* _Recorded information_
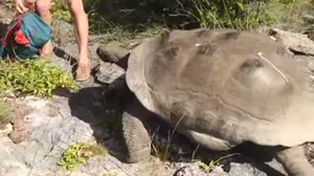 Una tortuga gigante persiguió a un presentador de televisión que interrumpió su intimidad sexual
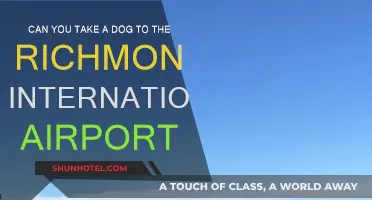 Traveling with Dogs: Richmond Airport Pet Policy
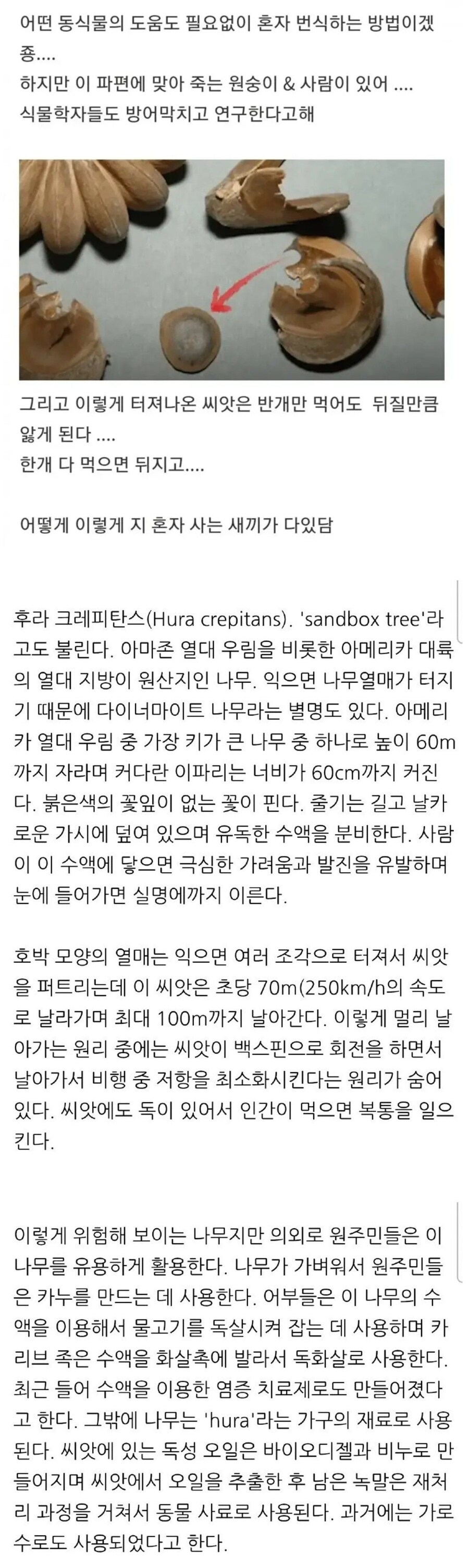 아낌 없이 죽이는 나무 jpg._2.jpg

* _Problem to solve_
Quote the material word for word, dropping any images it holds.

* _Reply_
 Una tortuga gigante persiguió a un presentador de televisión que interrumpió su intimidad sexual
 Traveling with Dogs: Richmond Airport Pet Policy
 아낌 없이 죽이는 나무 jpg._2.jpg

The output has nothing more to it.